LM&E: Milling Overview

 

Corn Meal

     Although the mill was built to produce 70 barrels (1bbl weighed 196 lbs or 14 British stones) of flour a day, corn meal was also produced in a smaller amount. Corn was dumped into a hopper on the first floor and it emptied into a corn crusher in the basement. The corn crusher broke the kernels into smaller pieces that emptied into the foot of an elevator. It carried the crushed corn back up to the first floor where it emptied into a three roll -2 break roller mill. The top and middle roller would break the corn into coarse pieces, then be ground into finer pieces by the middle and lower rollers to produce cornmeal.

 

Flour

     The process of converting a bucket of wheat to a sack of flour involves a number of steps, and there is a machine for each step. Since materials were fed into the tops of the machines and came out at the bottom, there had to be a way to get the materials from the bottom of one machine to the top of the next machine in the process. The usual way to do that was to have a mill building with three (or four) floors with the roller mills, the heaviest machines, on the first floor. Elevators would move grain from the roller mills to the second and third floors where other machines would clean and sift the material. Chutes from each machine directed the material down to the next machine in the process or to an elevator that would bring the material up to the next machine.

 

Mill Infrastructure

Power: At the Lewisburg Milling & Electric Company, the machines were powered by an 80 HP steam engine with steam produced by a coal-fired boiler with a 50' brick chimney. The chimney was located in the vicinity of the stairs that come down by the driveway and the boiler was behind the log building. The boiler would have burned around a ton of coal a day and water for the boiler would have come from the Andrew Lewis spring across the street.

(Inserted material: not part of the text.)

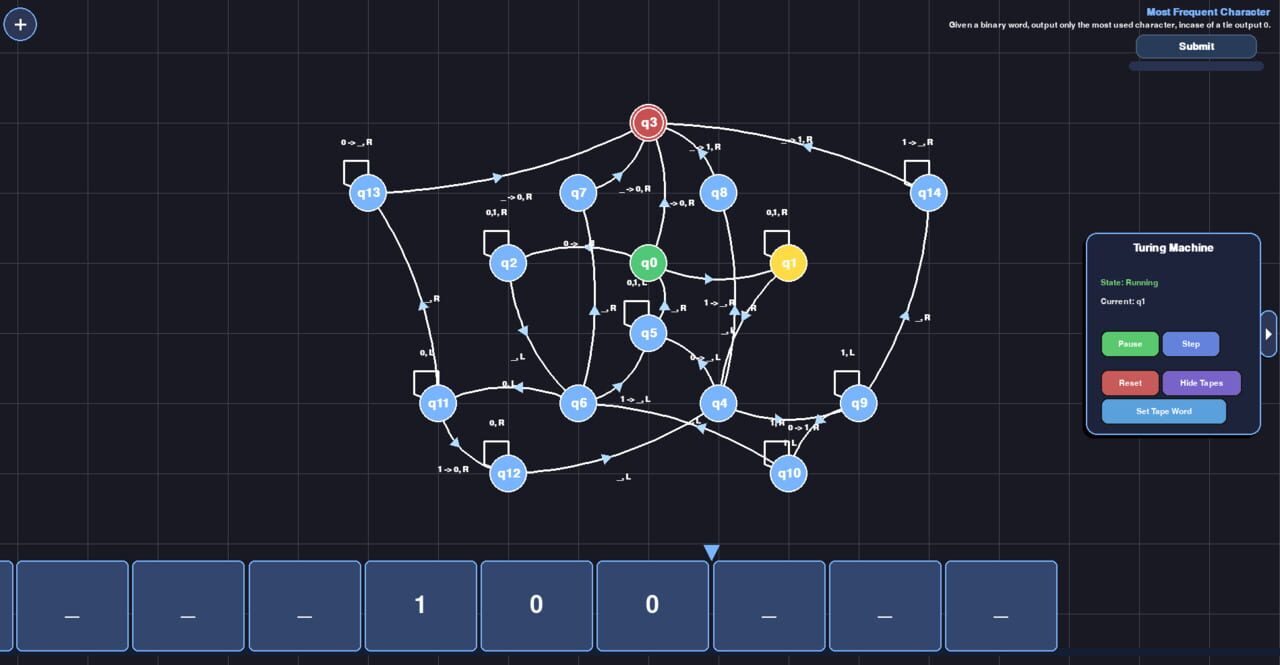 Turing Sandbox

     A large belt went from the steam engine near the corner of the Clingman Center porch, through an opening in the foundation wall near where the door under the deck is now located, and around a pulley on the basement line shaft. The size of a pulley was determined by the speed of the line shaft and the speed required by the machines. For instance, the roller mill rpm was much higher than the line shaft while the elevators ran at a much lower rpm. The roller mills were located directly above the basement line shaft and required far more power than the machines on the upper floors. Power for line shafts on the upper floors was transmitted by a vertical shaft connected to line shafts on each floor with bevel gears.

 

Line shaft: Steel shafts hung from brackets on the underside of each floor of the mill building. Each shaft would have a number of pulleys of different sizes with leather or fabric belts connecting the line shaft to the pulley of the machine being driven. The diameters of the machine and shaft pulleys were selected to match the optimum speed for the machine to the the line shaft speed. There would also be a lever or other mechanism to disengage the belt from the line shaft. The line shaft in the basement operated at a higher speed since the roller mills on the first floor ran at relatively high speed, around 500 RPM. The machines on the second and third floors ran at low speeds so the line shafts turned much slower than the basement shaft.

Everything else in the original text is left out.